[Data entries]

◆ ◆ ◆

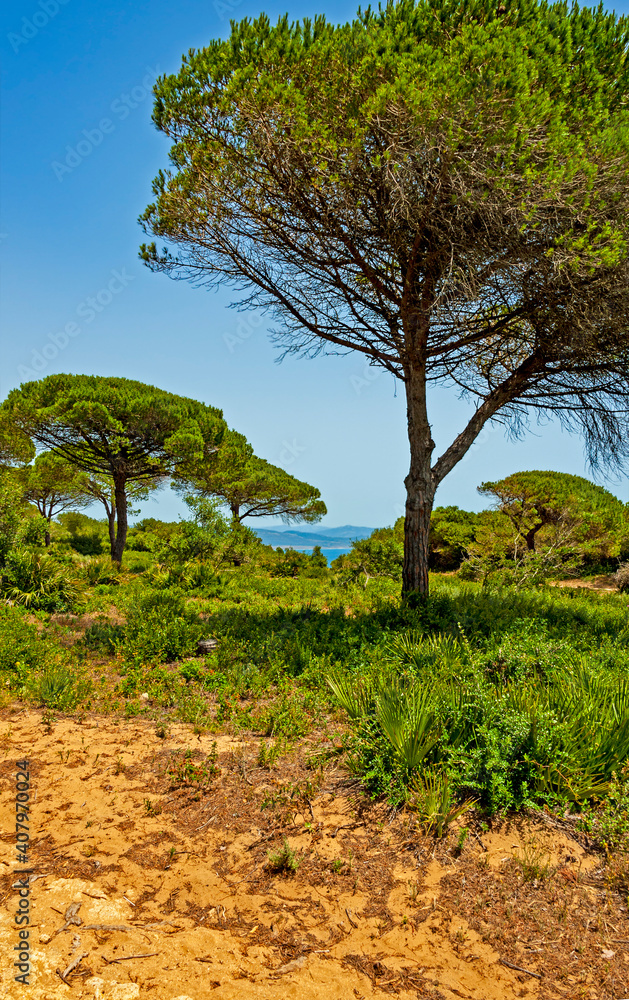 Pine groves in the La Brena National Park, located in the Southern Spain ,halfway between Mediterranean and Atlantic waters Pine groves in the La Brena National Park, located in the Southern Spain ,halfway between Mediterranean and Atlantic waters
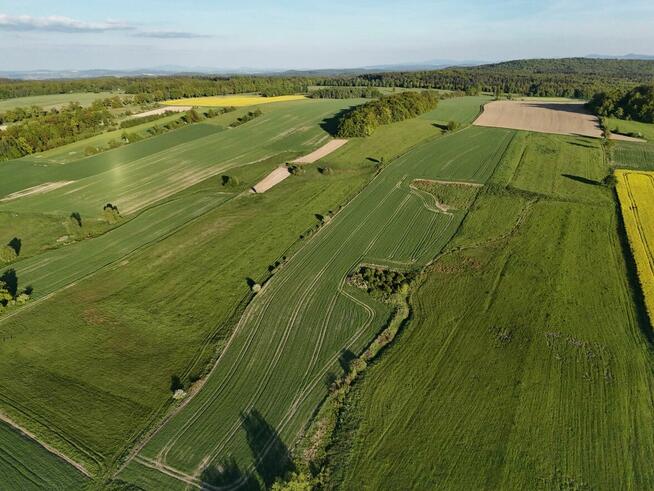 Działka rolka POMOCNE 3,25 ha
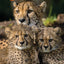 San Diego Zoo Safari Park Official Guidebook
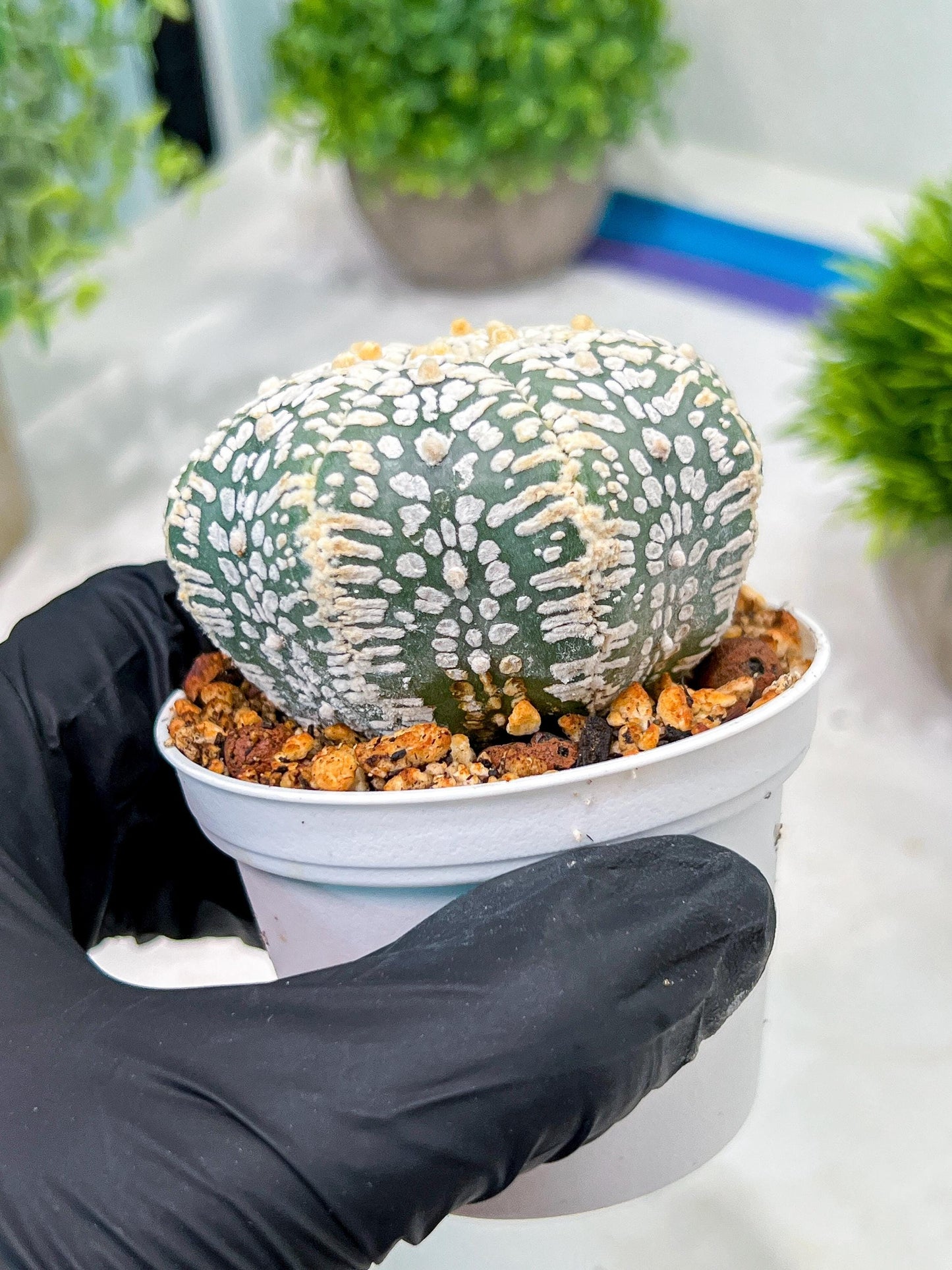 Custom Order- We’ll send you the exact live plant pictured (T4) (b5) | USA Plant SHOP | 3" Pot
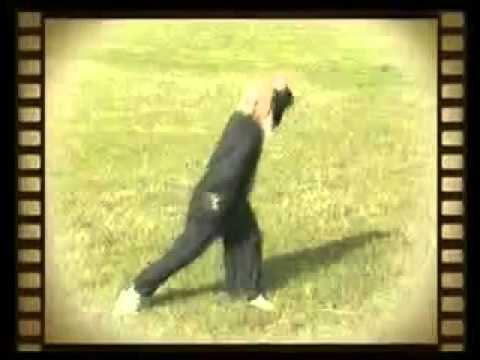 Lu Zijian- Taiyi Huolong Palm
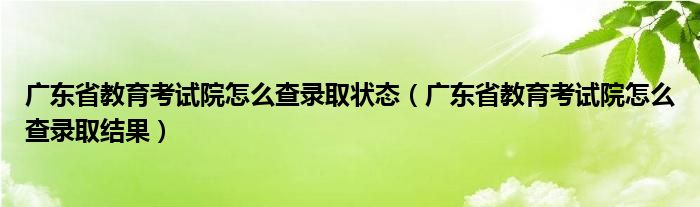 广东省教育考试院怎么查录取状态（广东省教育考试院怎么查录取结果）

◆ ◆ ◆

• _What the task asks_: Your answer should hold every record above, printed exactly and free of pictures.

• _Answer section_:
 Pine groves in the La Brena National Park, located in the Southern Spain ,halfway between Mediterranean and Atlantic waters Pine groves in the La Brena National Park, located in the Southern Spain ,halfway between Mediterranean and Atlantic waters
 Działka rolka POMOCNE 3,25 ha
 San Diego Zoo Safari Park Official Guidebook
 Custom Order- We’ll send you the exact live plant pictured (T4) (b5) | USA Plant SHOP | 3" Pot
 Lu Zijian- Taiyi Huolong Palm
 广东省教育考试院怎么查录取状态（广东省教育考试院怎么查录取结果）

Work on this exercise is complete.